The retrieval system is a LangChain ReAct agent with a defined tool set. The agent reasons about what information it needs, calls the appropriate tool, evaluates the result, and either calls another tool or formulates a final answer.

searchCase performs the core hybrid search against the identified case collection.

getAdjacentChunks accepts a chunk ID and returns the surrounding chunks in the original document, solving the failure mode where an answer starts in one chunk and continues into the next.

const adjacentChunks = await qdrantClient.scroll(collectionName, {
  filter: {
    must: [
      { key: "metadata.file_name", match: { value: sourceFile } },
      { key: "metadata.chunk_index", range: { gte: targetIndex - 1, lte: targetIndex + 1 } }
    ]
  }
});

filterSearch wraps searchCase with explicit document type filtering, allowing the agent to target medical records or police reports specifically without relying on the query alone to imply that.

Memory Architecture

If conversation history includes all retrieved chunks from previous turns, the context window fills quickly and performance degrades. The system stores only clean user and assistant messages in conversation history. When the agent retrieves chunks to formulate an answer, it writes a compressed summary and the relevant chunk IDs to a separate chunk_references table. On subsequent turns, the agent can re-access original content through direct lookups rather than carrying raw text forward.
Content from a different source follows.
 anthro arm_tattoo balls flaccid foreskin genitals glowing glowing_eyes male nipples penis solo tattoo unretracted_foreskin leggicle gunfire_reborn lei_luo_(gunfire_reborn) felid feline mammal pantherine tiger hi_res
CREATE TABLE chunk_references (
  id SERIAL PRIMARY KEY,
  session_id TEXT NOT NULL,
  turn_number INT NOT NULL,
  chunk_ids TEXT[],
  summary TEXT,
  created_at TIMESTAMPTZ DEFAULT NOW()
);

Testing

The test framework runs predefined queries against the system and evaluates responses using a secondary model as a judge. The judge receives the expected answer and the system's response and determines whether key facts are present, correctly attributed, and not contradicted by hallucinated content. The framework tracks pass/fail results, token usage, and agent iteration counts across five synthetic cases spanning complexity levels from simple auto accidents to multi-party workers' compensation cases.